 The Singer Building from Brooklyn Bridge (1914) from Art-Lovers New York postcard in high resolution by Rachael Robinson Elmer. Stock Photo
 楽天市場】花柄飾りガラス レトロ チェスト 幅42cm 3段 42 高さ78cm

=-=-=-=-=

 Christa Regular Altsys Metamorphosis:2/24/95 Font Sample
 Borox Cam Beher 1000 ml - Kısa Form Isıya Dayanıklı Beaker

=-=-=-=-=

-- Instructions to follow --
What you give back should be exactly the lines of the data above from the line with "The Singer Building" through the line with "楽天市場】花柄飾りガラス レトロ チェスト 幅42cm 3段 42 高さ78cm", both of those included, and nothing more.

-- Output of the task --
 The Singer Building from Brooklyn Bridge (1914) from Art-Lovers New York postcard in high resolution by Rachael Robinson Elmer. Stock Photo
 楽天市場】花柄飾りガラス レトロ チェスト 幅42cm 3段 42 高さ78cm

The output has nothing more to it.